CB : Combien de temps a pris l’écriture ?

BS : Si on prend en compte, les notes que je viens d’évoquer, plusieurs années ; je dirais approximativement quatre ans, mais de façon discontinue. Après avoir commencé l’écriture du roman, celui-ci aussi pouvait rester plusieurs mois en stand-by. Et puis ensuite, je pouvais écrire toute une nuit. Le rythme s’est imposé à moi et non l’inverse.

CB : Combien de temps pour trouver un éditeur ?

BS : J’ai envoyé mon tapuscrit à environ quinze éditeurs qui, pour la plupart, n’ont pas répondu. Et puis un jour, alors que je n’y croyais plus, le directeur des Éditions 7e Ciel m’a contactée.

CB : Combien de temps a pris la mise en parution du livre ?

BS : Entre le premier échange téléphonique avec mon éditeur, Gérald Vausort, et la sortie du livre, il s’est passé environ un an.

CB : Avez-vous fait un plan au préalable ?

BS : Non pas du tout.

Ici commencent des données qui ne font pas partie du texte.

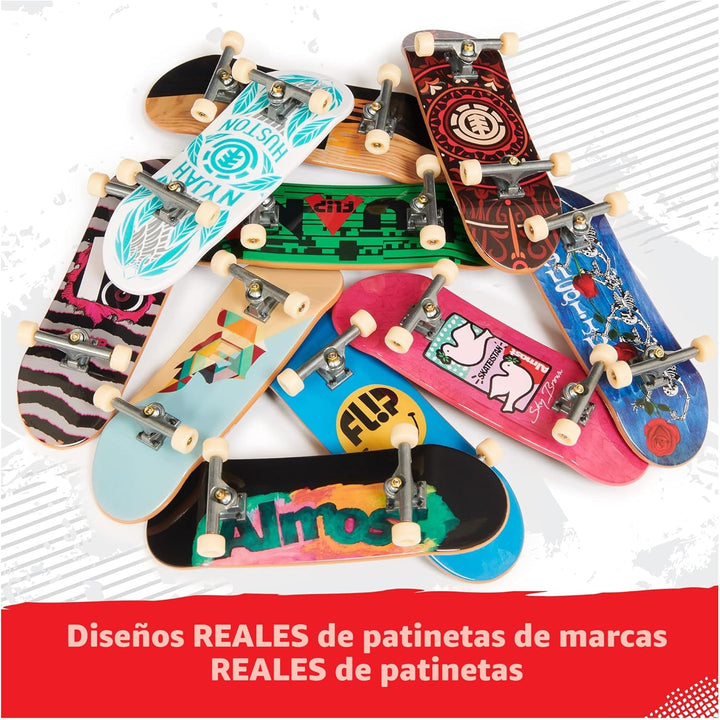 TECH DECK DLX Pro - Paquete de 10 patinetas para dedos, mini patine...
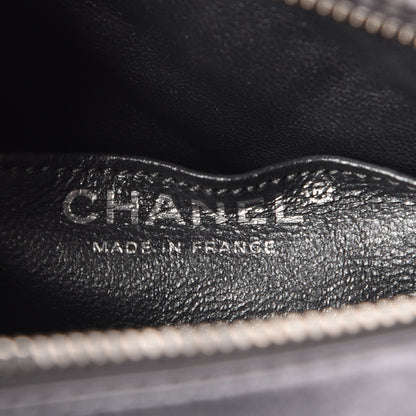 Chanel Metallic Aged Calfskin Quilted Small Reissue Camera Case Dark Silver 8 of 10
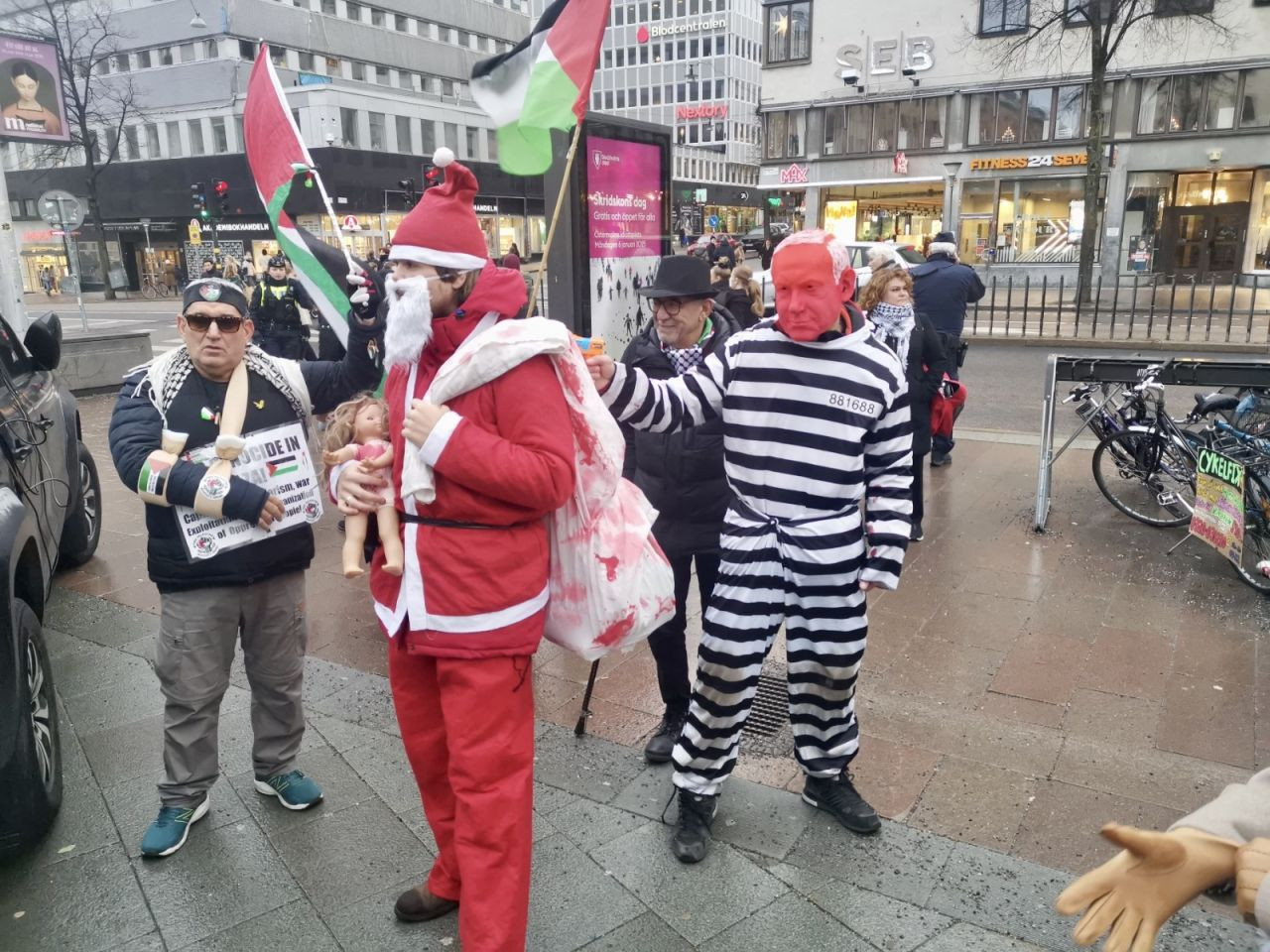 Stockholm'de İsrail'e protesto: 'Artık bu olanlara seyirci kalamayız' - Sayfa 4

J’avais juste décidé du titre qui n’a jamais varié malgré le scepticisme de mes proches qui le trouvaient difficile à prononcer. J’ai simplement réparti mes notes en divers chapitres auxquels j’ai attribué des titres pour m’aider à m’y retrouver.

CB : Combien d’exemplaires espérez-vous ?

BS : Ma réponse va peut-être vous surprendre, mais plus que des exemplaires, j’espère surtout des lecteurs. Être lu, c’est la plus belle récompense pour un auteur.

CB : Aimeriez-vous que votre livre soit lu en Algérie ?

BS : Oui bien évidemment. Un livre est toujours un trait d’union, où chacun, qu’il soit Algérien ou non peut se reconnaître dans cette quête d’émancipation (non genrée), car elle concerne l’humanité entière.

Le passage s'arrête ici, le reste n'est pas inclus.